Sur le Mur des Justes situé dans l’ allée qui borde le Mémorial de la Shoah, à Paris, une liste de près de quatre mille noms court sur une longue plaque noire horizontale. Ces hommes et femmes ont tous secouru des Juifs, en France, pendant la Seconde Guerre mondiale. Pour cela, ils se sont vu attribuer le titre de « Juste parmi les Nations », décerné depuis 1962 par Yad Vashem à des sauveteurs non juifs, qui s’ accompagne d’ une médaille et d’ un diplôme d’ honneur remis lors d’ une cérémonie. Le souvenir de chacune et chacun d’ entre eux est aussi perpétré sur la colline du mont du Souvenir à Jérusalem : jusque dans les années 1980, un arbre était planté en leur hommage puis, par manque de place, leur nom a été gravé sur des « murs d’ honneur ». Anonymes pour la plupart, ils doivent à cette distinction de ne pas être totalement oubliés.

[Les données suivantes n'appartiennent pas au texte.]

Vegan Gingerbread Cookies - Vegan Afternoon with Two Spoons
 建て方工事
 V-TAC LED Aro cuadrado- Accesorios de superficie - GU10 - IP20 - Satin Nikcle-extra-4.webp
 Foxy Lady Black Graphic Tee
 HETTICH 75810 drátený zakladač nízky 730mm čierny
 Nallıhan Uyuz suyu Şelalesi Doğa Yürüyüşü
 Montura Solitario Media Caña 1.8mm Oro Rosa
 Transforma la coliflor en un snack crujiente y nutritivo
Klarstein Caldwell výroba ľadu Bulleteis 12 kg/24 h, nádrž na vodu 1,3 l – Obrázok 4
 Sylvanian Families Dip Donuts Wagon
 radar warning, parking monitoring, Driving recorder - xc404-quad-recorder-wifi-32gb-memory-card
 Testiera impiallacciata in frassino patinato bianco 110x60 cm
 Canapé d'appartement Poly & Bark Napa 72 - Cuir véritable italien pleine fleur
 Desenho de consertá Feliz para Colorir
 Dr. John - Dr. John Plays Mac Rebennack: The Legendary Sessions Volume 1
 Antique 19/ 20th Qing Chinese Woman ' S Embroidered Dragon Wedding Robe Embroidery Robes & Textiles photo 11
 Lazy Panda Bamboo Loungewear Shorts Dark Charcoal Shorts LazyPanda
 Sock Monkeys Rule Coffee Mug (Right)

C’ est le cas de Lucie Chevalley-Sabatier (1882-1979), nommée Juste le 7 novembre 1993, quatorze ans après son décès 1. Sans ce titre décerné à titre posthume, je n’ aurais pas retrouvé sa trace sur le site internet de Yad Vashem et ce livre, le fruit d’ une thèse soutenue en 2021, n’ existerait donc pas. Car aujourd’ hui, le souvenir de cette femme ne subsiste plus que dans la mémoire de ses proches. Pourtant, les traces qu’ elles a laissées ne manquent pas, mais elles dorment dans des cartons d’ archives jusqu’ ici peu explorés. De ces papiers jaunis, s’ esquisse un portrait aux multiples facettes, qui permet d’ éclairer le cheminement l’ ayant conduit à sauver des Juifs sous l’ Occupation. Comment devient-on Juste ? C’ est le questionnement central de cette biographie. Un parcours individuel peut contribuer à restituer les singularités, les dissonances, à la différence des études de groupes qui accentuent parfois les caractéristiques d’ une époque. L’ étude attentive de la vie de Lucie Chevalley-Sabatier, de sa naissance en 1882 à la Seconde Guerre mondiale, éclaire ainsi les éléments qui permettent de comprendre ses comportements sous l’ Occupation. Au sein de réseaux d’ appartenance présents tout au long de sa vie, elle use de sa liberté individuelle pour prendre des orientations et agir.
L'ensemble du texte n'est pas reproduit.